Now, I too may have been a little puzzled as to the value of talking about the Holocaust through the medium of clothes, but the book is so assured it can tell you exactly why that's relevant – and without thrusting it down your throat. For one, the inmates were immediately stripped naked if accepted into the camps, then showered and shaven, to be given the worst, anonymous clothing. A lot of what was left around became housed in what here is euphemistically called the Department Store – a place for the Nazis to claim anything they wanted free of charge, as nobody would be expected to survive to claim it back. But boo diddums, the summer this is mostly set in the Nazis get swamped and cannot find the womanpower to go through the ten thousand abandoned suitcases they receive each day.
The fact the Nazis would be picking from the detritus of those they thought less than human is not an irony to feature here, but what the story does concern itself with is Ella, and her doggedness to do as much as she can in the sewing shop to ingratiate herself – whether that be with the guards, or the Prominents (or Kapos, as we'd think of them). To what extent can she be a collaborator? Is it naïve of her to think she can dream up evening gowns and swimwear for the guards, and the Camp Commandant's wife, and not get affected? She has proven naïve already, by telling herself that she only need swap clothes with a Nazi guard and their situation would be reversed – it was a purely arbitrary power thing based on what the two were wearing.
Well, perhaps, but perhaps not.
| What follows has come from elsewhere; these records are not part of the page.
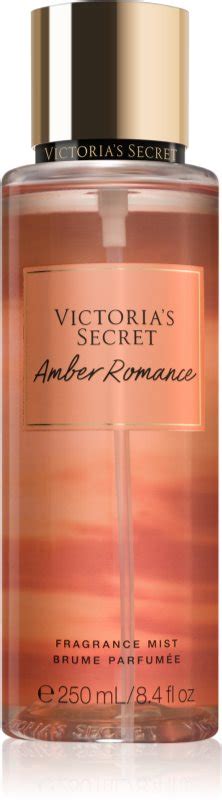 Victoria S Secret Amber Romance Body Spray Voor Vrouwen Notino Nl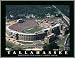 Florida State Seminoles - Doak Campbell Stadium - Lg - Plaque Mounted & Laminated Print Image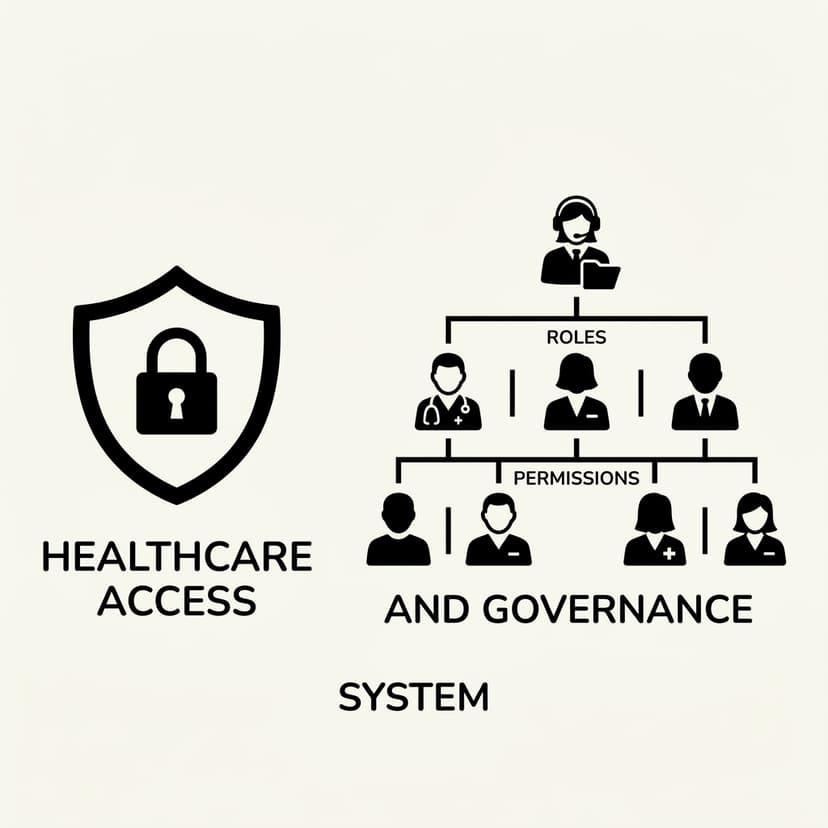 Access and governance illustration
Still, power, and that most dramatic thing of human status struggle, is prominent on these pages. You can't exactly write about the Nazi camps and not have some power on the page, so emotive is the subject. And, even if the clothes-making elements are not really what a young lad would expect him to find himself reading about, there is more than enough here to make for an emotional read for all. You have a finely evoked heroine in Ella, and I liked the way the chapter titles were both fabric colours and elements of her character. Ultimately, of course, it's not about the clothes – it's about morals, personal decisions and ways of surviving in such a heightened scenario. There is a character who appears to be the naivety of Ella ramped up ten-fold, to the point of sheer stupidity, but that's the point.
Still, having points is all well and good – if they don't come across, if the reader cannot discern them properly, then all hope is lost. And here they are as clear as anything; even without the postscript from the author, the aims and intent are obvious. But that's not to say they were too obvious to spoil the readability of this book, and it has that aplenty. This is suitably though-provoking, more than entertaining enough, and really clever at conveying its greater messages. This is brave, and will surely be successful, enough for many to sit up and take notice.
I must thank the publishers for my review copy.